What the task asks:
Copy exactly, no pictures: every line from the one that contains "Fırat Kalkanı bölgesinde" through the end of the entries below.

Dataset extract:
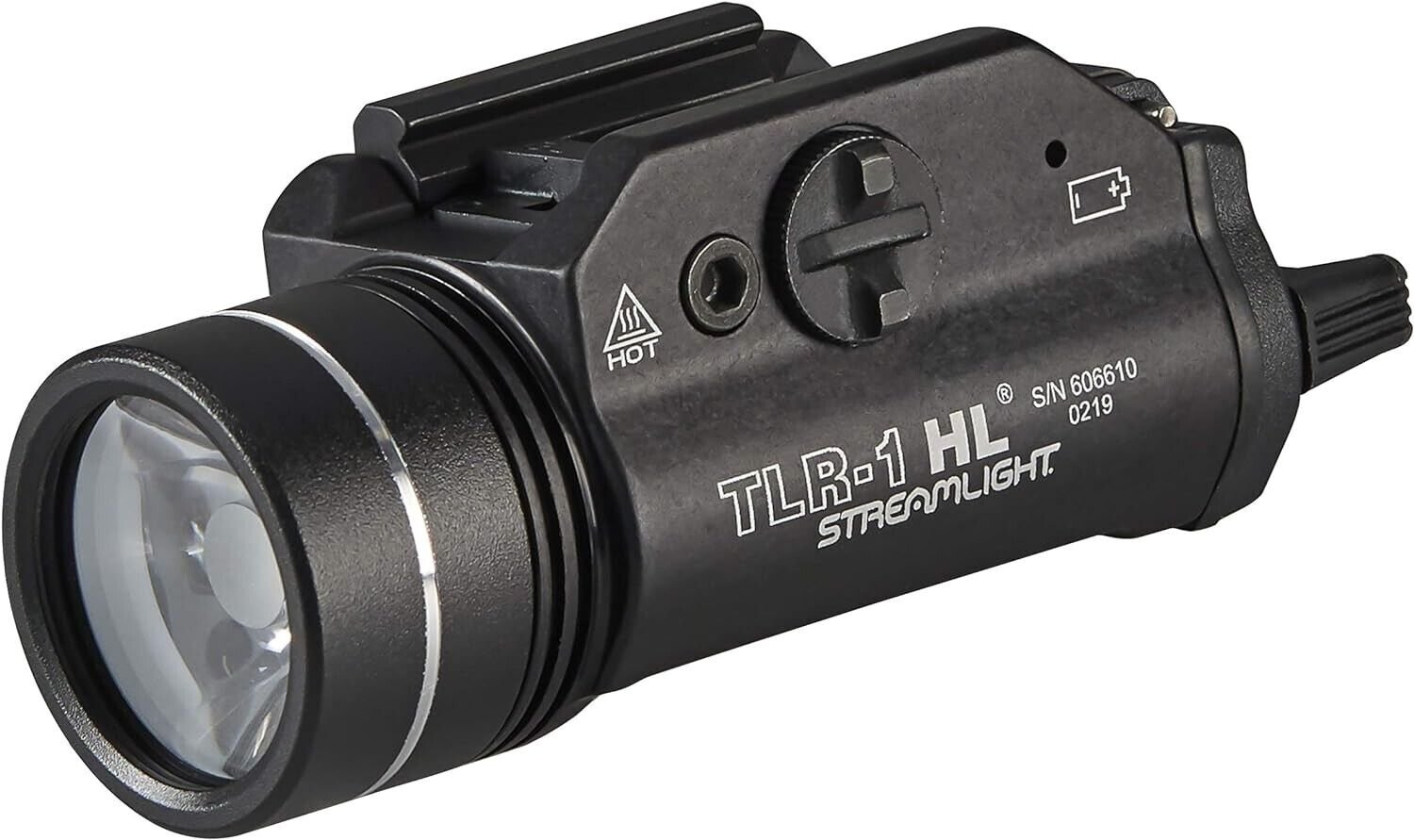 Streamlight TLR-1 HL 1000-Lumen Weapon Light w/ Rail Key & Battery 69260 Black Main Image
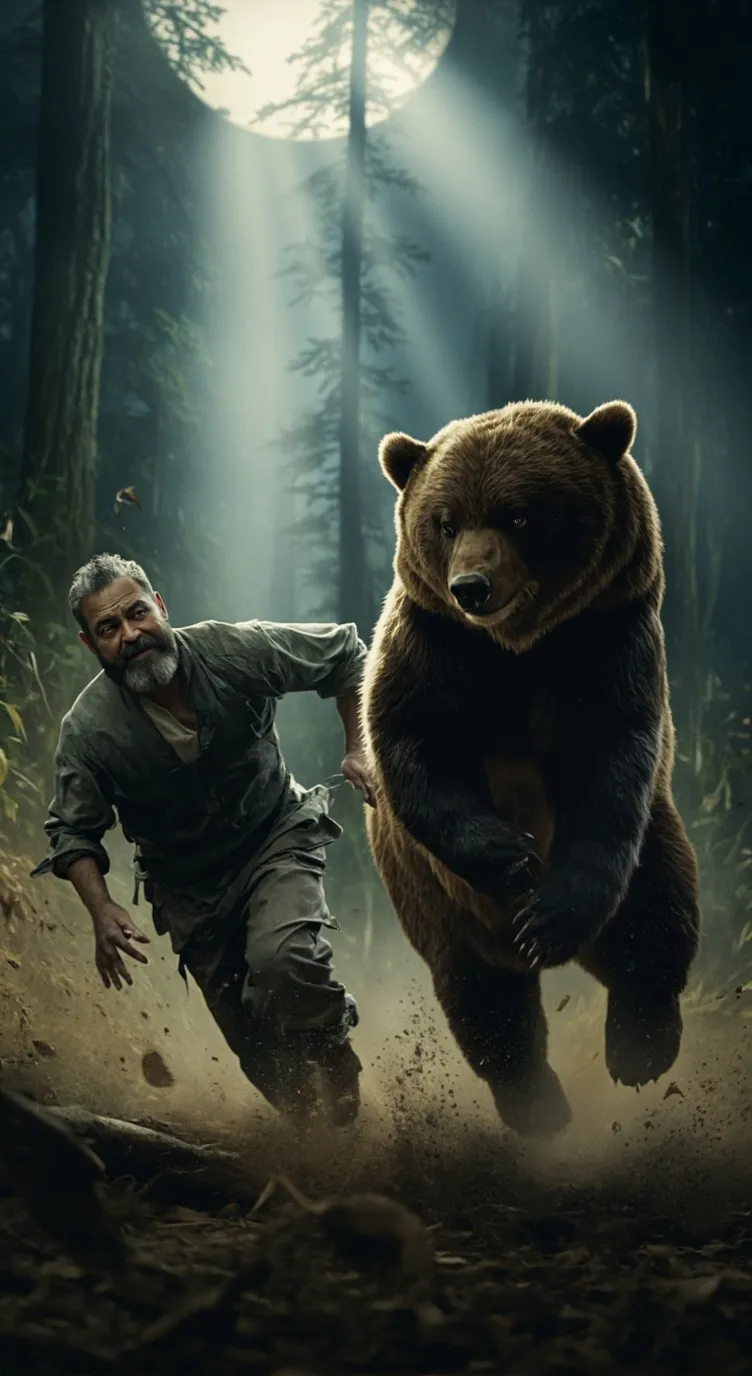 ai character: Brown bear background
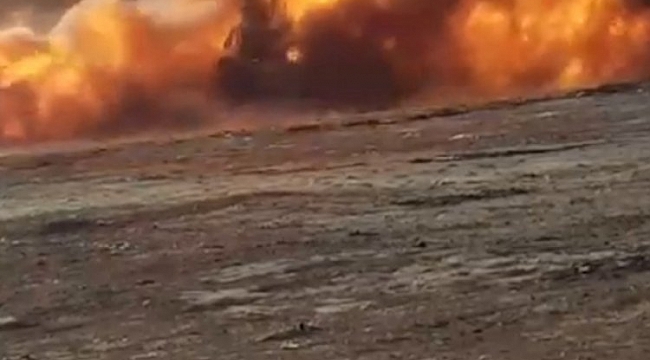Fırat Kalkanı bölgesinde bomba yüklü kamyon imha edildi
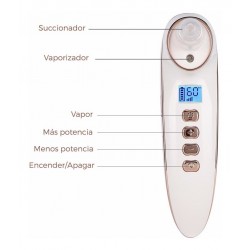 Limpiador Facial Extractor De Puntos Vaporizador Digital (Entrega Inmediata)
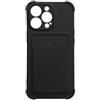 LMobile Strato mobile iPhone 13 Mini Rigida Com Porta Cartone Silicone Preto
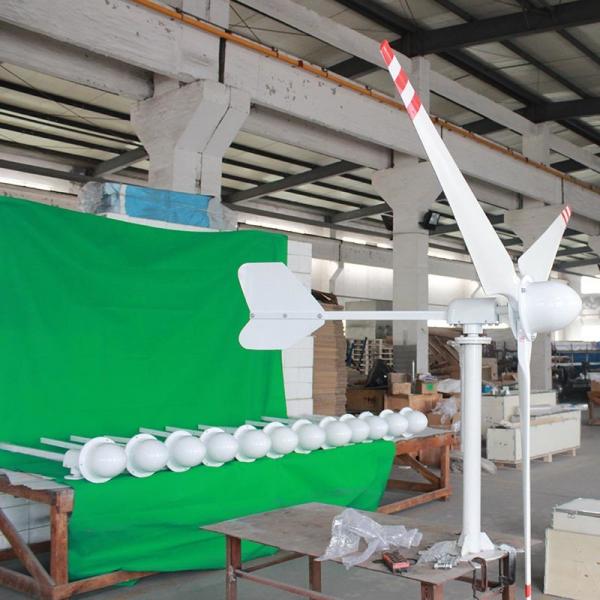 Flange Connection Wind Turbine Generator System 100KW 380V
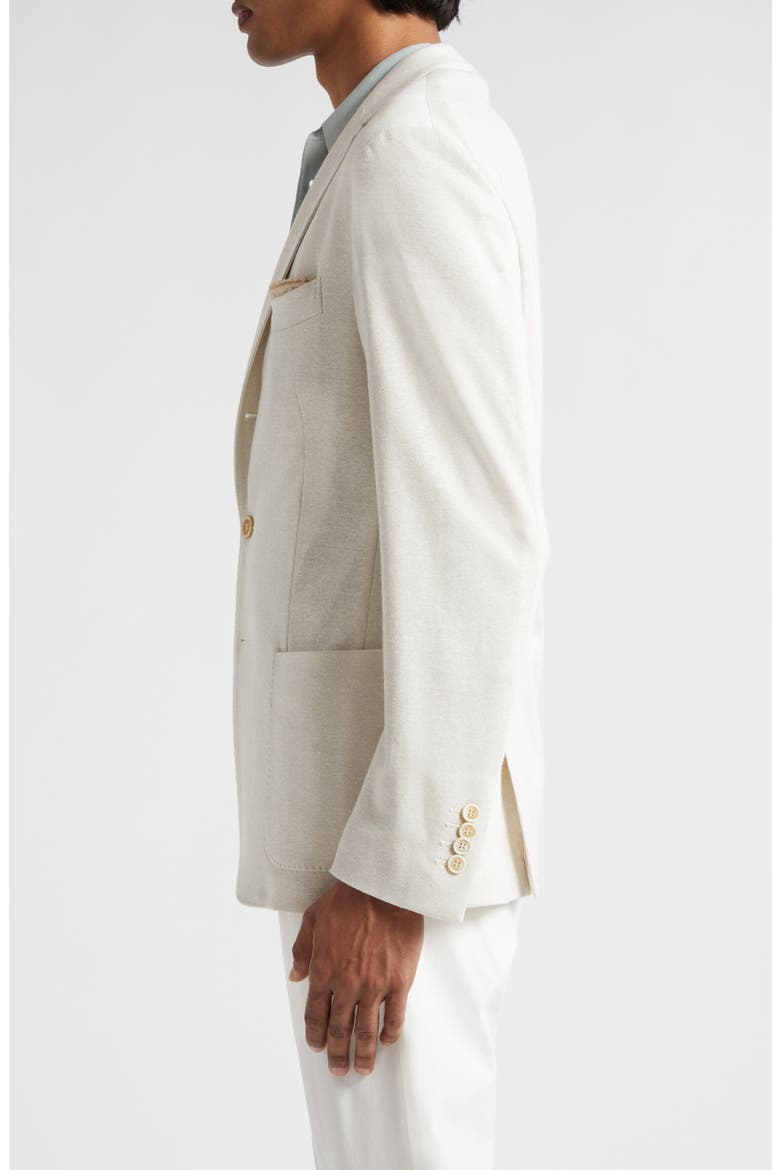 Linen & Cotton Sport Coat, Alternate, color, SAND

Result below:
Fırat Kalkanı bölgesinde bomba yüklü kamyon imha edildi
 Limpiador Facial Extractor De Puntos Vaporizador Digital (Entrega Inmediata)
 LMobile Strato mobile iPhone 13 Mini Rigida Com Porta Cartone Silicone Preto
 Flange Connection Wind Turbine Generator System 100KW 380V
 Linen & Cotton Sport Coat, Alternate, color, SAND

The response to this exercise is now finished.